SILVERTON — Earlier this week, it looked as though a funding snafu could shut down Mountain Loop Highway just as the spring recreation season was ready to warm up.
Snohomish County roads crews had abruptly stopped repairs on a landslide-damaged section of road after being told they might not
be reimbursed for up to $2 million in costs.
On Friday, however, state transportation officials told them to start back up.
“We’ve been given clear direction from the feds that the work from the county could proceed and would be considered eligible” for reimbursement, said Kathleen Da
vis, the state Department of Transportation’s director of highways and local programs.
The Mountain Loop Highway is a federal road on U.S. Forest Service land, but the state has a role in administering the work. The county works as a federal contractor.
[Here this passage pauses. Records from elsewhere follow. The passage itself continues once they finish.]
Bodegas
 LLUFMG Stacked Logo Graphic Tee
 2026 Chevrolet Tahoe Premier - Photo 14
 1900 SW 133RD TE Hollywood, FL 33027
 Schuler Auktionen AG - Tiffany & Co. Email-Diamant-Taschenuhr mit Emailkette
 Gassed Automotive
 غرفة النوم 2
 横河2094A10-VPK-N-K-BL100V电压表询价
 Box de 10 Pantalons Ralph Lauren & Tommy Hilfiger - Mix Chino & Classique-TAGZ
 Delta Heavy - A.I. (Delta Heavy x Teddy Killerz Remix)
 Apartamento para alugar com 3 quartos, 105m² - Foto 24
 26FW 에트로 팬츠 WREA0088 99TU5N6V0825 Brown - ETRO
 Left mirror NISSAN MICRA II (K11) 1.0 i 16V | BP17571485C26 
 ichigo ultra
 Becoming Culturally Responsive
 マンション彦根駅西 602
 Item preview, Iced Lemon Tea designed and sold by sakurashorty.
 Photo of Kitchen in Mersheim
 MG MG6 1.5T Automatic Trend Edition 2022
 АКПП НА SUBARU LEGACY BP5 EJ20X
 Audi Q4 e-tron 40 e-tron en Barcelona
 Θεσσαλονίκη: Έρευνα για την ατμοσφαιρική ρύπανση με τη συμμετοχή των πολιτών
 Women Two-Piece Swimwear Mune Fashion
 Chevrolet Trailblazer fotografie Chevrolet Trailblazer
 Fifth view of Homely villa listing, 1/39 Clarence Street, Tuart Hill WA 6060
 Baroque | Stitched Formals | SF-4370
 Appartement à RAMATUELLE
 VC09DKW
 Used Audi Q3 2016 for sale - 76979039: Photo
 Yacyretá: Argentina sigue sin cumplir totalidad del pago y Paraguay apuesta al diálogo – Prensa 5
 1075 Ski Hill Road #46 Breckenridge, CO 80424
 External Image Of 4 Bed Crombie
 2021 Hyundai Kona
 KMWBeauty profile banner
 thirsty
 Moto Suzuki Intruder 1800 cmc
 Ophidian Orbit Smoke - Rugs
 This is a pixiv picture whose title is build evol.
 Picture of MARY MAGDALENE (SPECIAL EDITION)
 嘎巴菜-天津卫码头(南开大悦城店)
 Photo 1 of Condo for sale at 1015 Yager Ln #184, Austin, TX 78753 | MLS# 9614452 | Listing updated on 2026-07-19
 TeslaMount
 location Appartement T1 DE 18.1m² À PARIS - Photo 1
County road crews since January have been working to fix the road in a slide area west of the former mining community of Silverton. The route is the easiest way to reach the Big Four Ice Caves and other attractions in the Mount Baker-Snoqualmie National Forest. Otherwise, it’s necessary to take a lengthy route through Darrington, on the other end of the Mountain Loop.
Workers were about three to four weeks from finishing repairs when the Federal Highway Administration decided that the work didn’t qualify for emergency repair money, county public works director Steve Thomsen said. Instead, the federal agency decided that the work would have to undergo a more complicated environmental review. That forced the county, which had been doing the work on the federal government’s behalf, to stop.
That also left county leaders worried they wouldn’t be reimbursed for about $750,000 in work to date, Thomsen said. The county was expecting to be paid for $2 million worth of work to the steep embankment.
For now, the road is restricted to one lane and open only to people who live in the area. Had the work stoppage continued, Thomsen said even that tenuous link would have been in jeopardy, since small cracks started to appear in the road. That could have forced the county to close the remaining single lane.
“From what I’m seeing right now, it’s pretty unstable,” he said. “In the meantime, the road continues to get worse.”
The slide area has been under watch for about 10 years. Heavy rains in mid-January made it worse.
If the Mountain Loop shuts down, popular hiking, climbing, fishing and horse-riding areas would be impractical to reach. About 100,000 people drove the route between May and early September of last year.
“We’ve been getting a lot of calls from people concerned about it,” Thomsen said.